Legislative Update III

(Xanthippas requested more of this and I'm happy to oblige!)

Bad news first: Rep. Rahm Emanuel's amendment to a 2008 spending bill for the Treasury Department and executive branch agencies to eliminate the vice president's executive office budget (in response to Cheney's assertion that his office didn't need to comply with national security disclosure rules required of other executive branch agencies because he's not part of the executive branch, despite prior claims of executive privilege), was defeated 217-209. Shame on the conservative Democrats that joined Republicans and gave them a bare majority. But the bill faces a veto threat anyway because Democrats lifted restrictions barring the use of federal funds to put in place the District of Columbia's domestic partnership law. Hopefully, the Senate will still try and attach the same measure to their version of the bill.

The House did, however, pass an amendment which would forbid the White House from expending any funds in implementing President Bush's recent changes to the regulatory process. E.O. 13422 amended E.O. 12866 which governs the White House regulatory review process and required federal officials to show that private companies, people or institutions failed to address a problem before agencies can write regulations to tackle it. It also gives political appointees greater authority over how the regulations are written. The House measure “stops this president or any president from seizing the power to rewrite almost every law that Congress passes, laws that protect public health, the environment, safety, civil rights, privacy and on and on,” said Rep. Brad Miller, a North Carolina Democrat who sponsored the bill.

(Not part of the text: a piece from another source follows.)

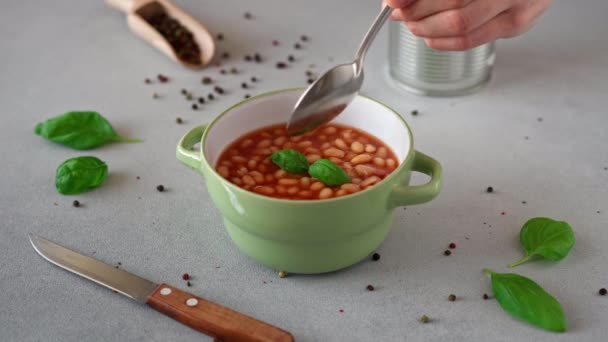 Baked Beans Tomatensaus Een Bord Tegen Een Grijze Achtergrond Man — Stockvideo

Meanwhile, Rep. Nick Rahall, said that the House Natural Resources Committee panel will hold a hearing into the role Cheney may have played in the 2002 deaths of about 70,000 salmon near the California-Oregon border. Rahall, chairman of that committee, said Cheney's part in developing a 10-year water plan for the Klamath River, reported Wednesday by The Washington Post (in the Cheney series we posted about), resulted in the largest adult salmon kill in the history of the West.

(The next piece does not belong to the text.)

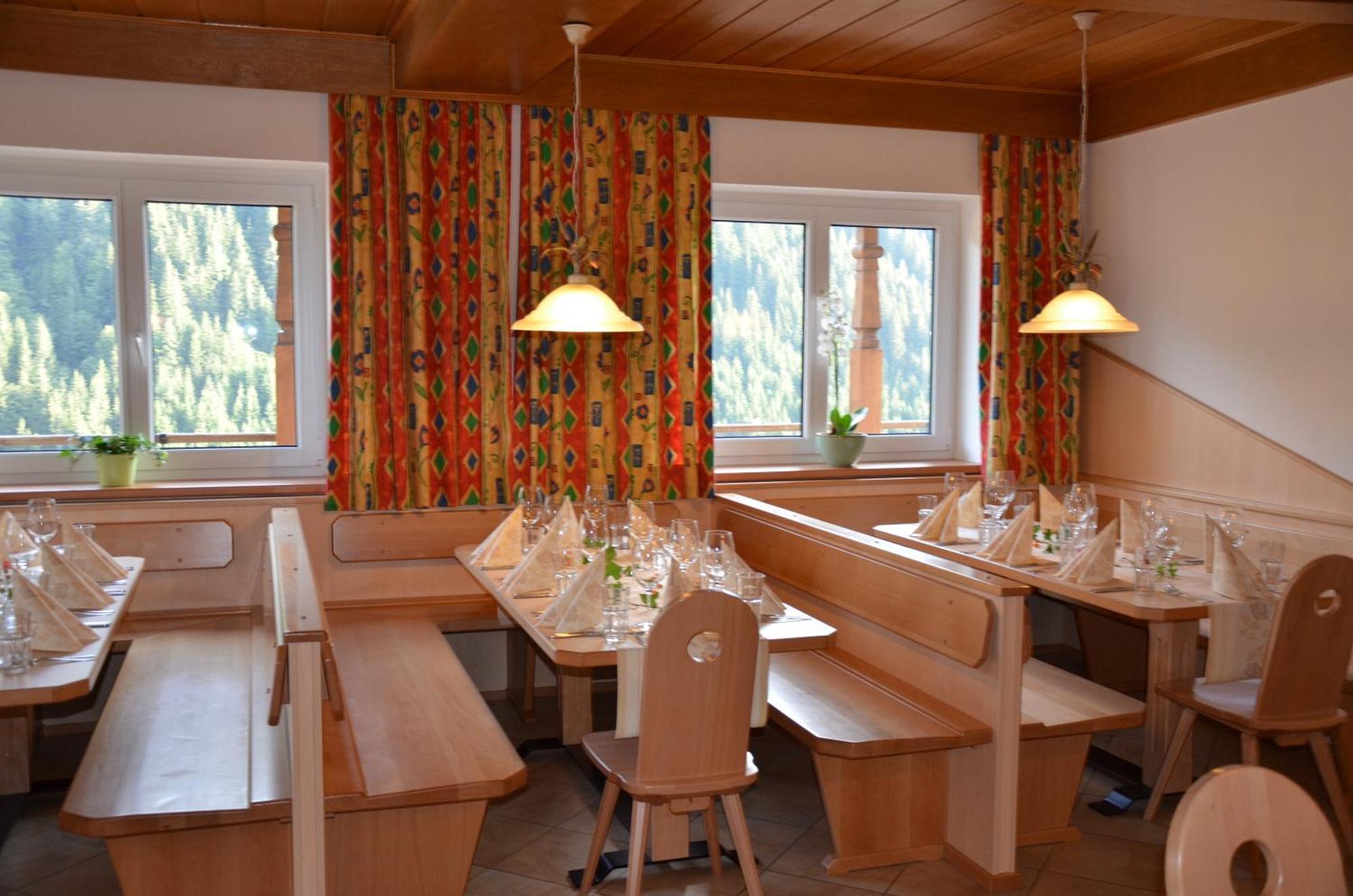 Ski In-Ski Out - Gaestehaeuser Saalbach-Hinterglemm - Wallegghof Christianhof Exterior foto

The Senate Judiciary Committee on Wednesday issued subpoenas to the offices of President Bush, Cheney and others demanding documents on the warrantless wiretapping program, but they are refusing to comply. Ironically, Cheney is again claiming executive privilege.

Also, the Senate Appropriations Committee on Thursday reduced Bush' $3 billion request for the Millennium Challenge Corporation to $1.2 billion in order to boost Bush's $4.2 billion request for the foreign aid bill's global HIV/AIDS account by $940 million. Lawmakers are adding $590 million to the Bush administration's request for a global fund to combat AIDS, tuberculosis and malaria. But the Senate's foreign aid bill, like the House's, faces a veto because it would ease restrictions on overseas groups that perform or promote abortion by allowing them to receive U.S.-donated contraceptives.

Finally, in another move that faces a veto, the House today amended the fiscal 2008 Financial Services and General Government spending measure to relax restrictions on agricultural trade with Cuba. The White House, of course, rejects any attempts to normalize relations with Cuba in any form.